This is the case of a black and white puss who lived on the German battleship Bismarck in World War II. When the ship sank in 1941, the cat was one of the few survivors, picked up by the British destroyer Cossack as he floated by on a board.
From then, given the name Oscar, the cat switched sides and served the Royal Navy. But Oscar had more strife ahead: the Cossack sank. Again the cat survived, and was brought to shore in Gibraltar.
Now famous as "Unsinkable Sam", Oscar was assigned duties on the aircraft carrier Ark Royal. But again the ship sank – torpedoed. Again, Oscar clung to a floating board and was rescued. When found, he was "angry but quite unharmed", according to a history of the Ark Royal.
Thereafter, Oscar or Unsinkable Sam spent his life on land. A grateful nation brought him home and lodged him comfortably at a seamen's home in Belfast, where he lived till 1955.
Another star among ship's cats was Simon. He was doing mousing duties on the British warship Amethyst when it got trapped on the Yangtse river in 1949, during China's civil war. Simon was wounded in the shelling of the ship by communist rebels.

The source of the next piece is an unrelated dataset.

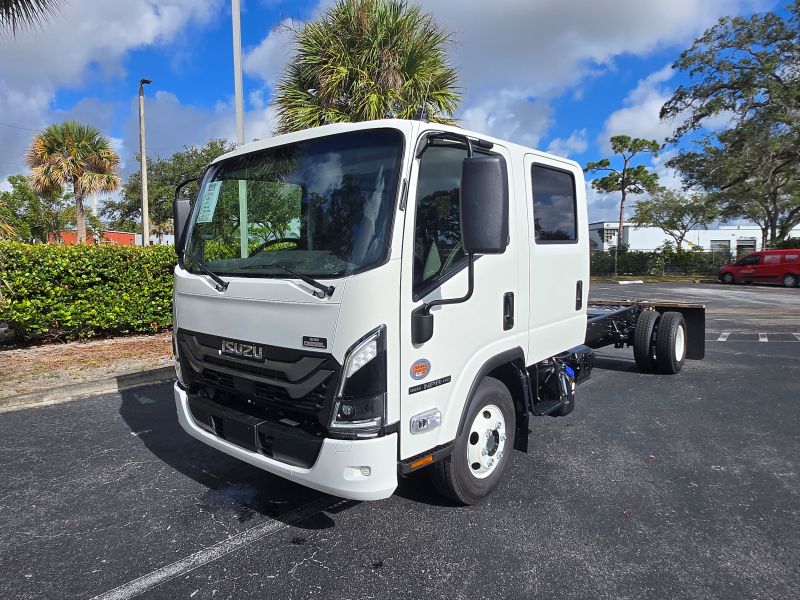 2026 Isuzu NPR-HD / 14,500 GVWR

But Simon rallied and got back to the task of killing vermin and keeping up morale of the crew. He was made "Able Seacat" and was famous on his return to Britain, but he died there soon after and was buried with naval honours.
Simon is still the only cat ever to win the Dickin Medal for animals that show "conspicuous gallantry or devotion to duty" while serving UK forces. Pigeons, dogs and horses are the only other winners.
The ranks of esteemed ship's cats are many, but one more gets a mention here. Blackie was ship's cat on HMS Prince of Wales during World War II. He did his work quietly till a day in 1941. That day, prime minister Winston Churchill was on the ship, after a secret meeting with US president Franklin Roosevelt in Newfoundland.
As Churchill prepared to leave the ship, Blackie approached him. The great man bent to greet Blackie, and cameras clicked or whirred; Blackie became a celebrity.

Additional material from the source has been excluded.